If a record holds a picture, drop the picture and return the rest of the record word for word.

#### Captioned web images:
•••

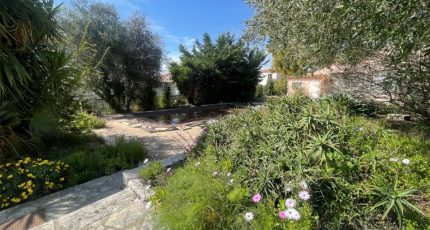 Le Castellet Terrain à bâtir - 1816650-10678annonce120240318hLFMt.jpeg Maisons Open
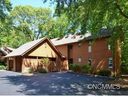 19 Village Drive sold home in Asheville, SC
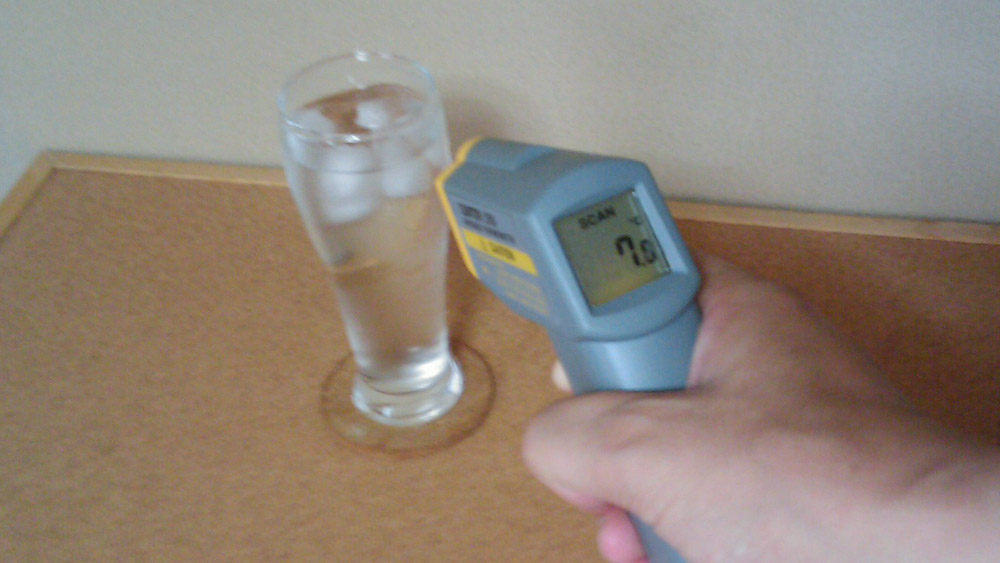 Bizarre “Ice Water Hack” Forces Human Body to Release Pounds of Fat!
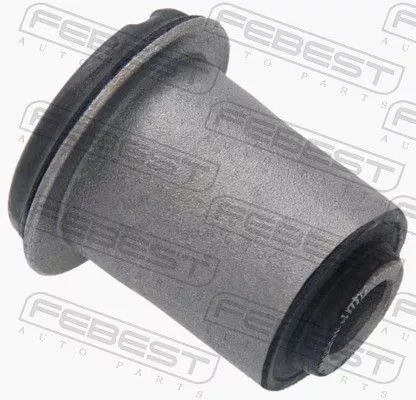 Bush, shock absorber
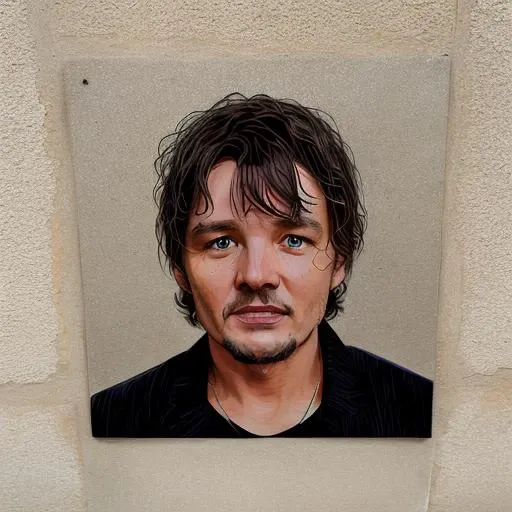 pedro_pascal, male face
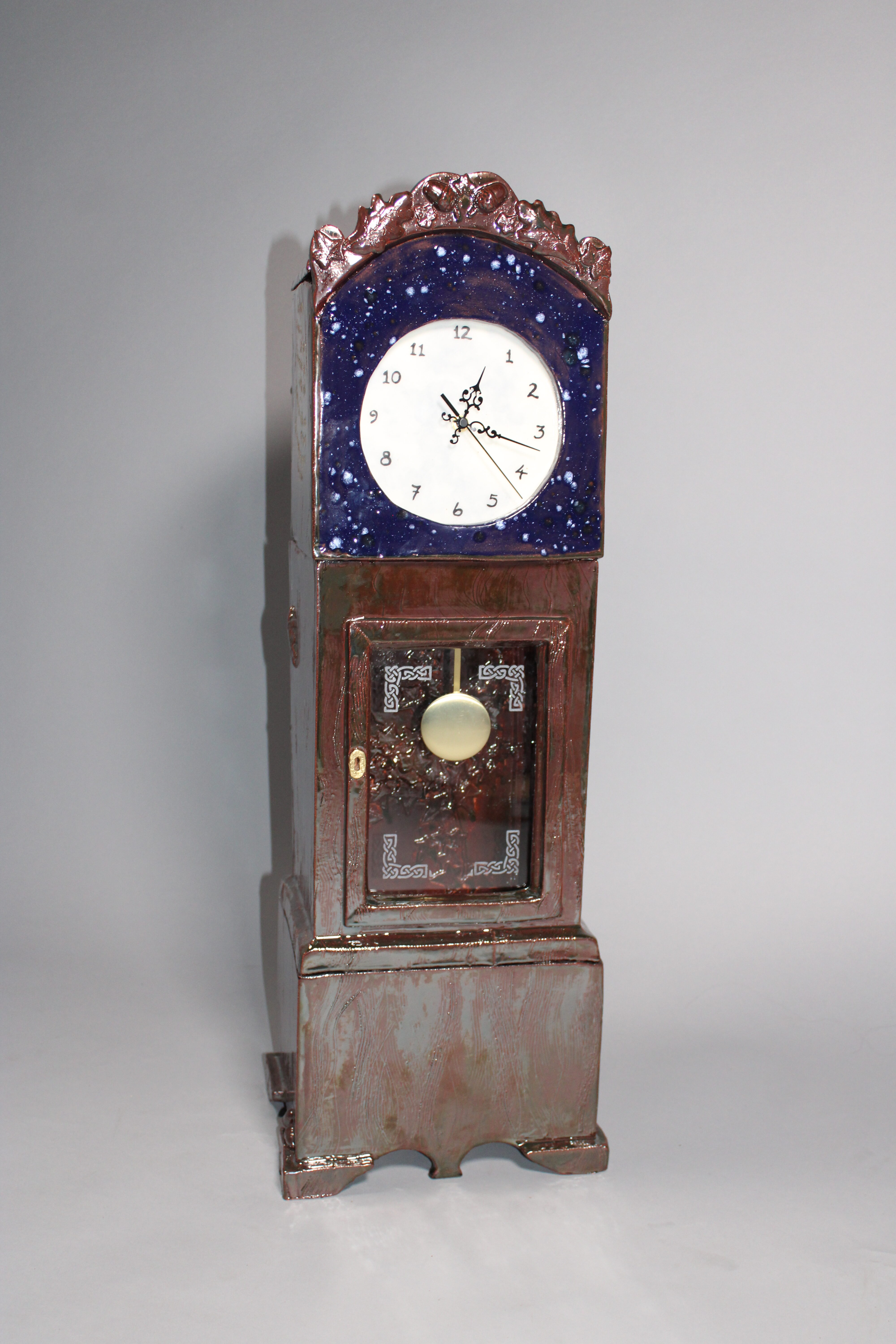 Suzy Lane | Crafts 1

•••

#### SOLUTION:
 Le Castellet Terrain à bâtir - 1816650-10678annonce120240318hLFMt.jpeg Maisons Open
 19 Village Drive sold home in Asheville, SC
 Bizarre “Ice Water Hack” Forces Human Body to Release Pounds of Fat!
 Bush, shock absorber
 pedro_pascal, male face
 Suzy Lane | Crafts 1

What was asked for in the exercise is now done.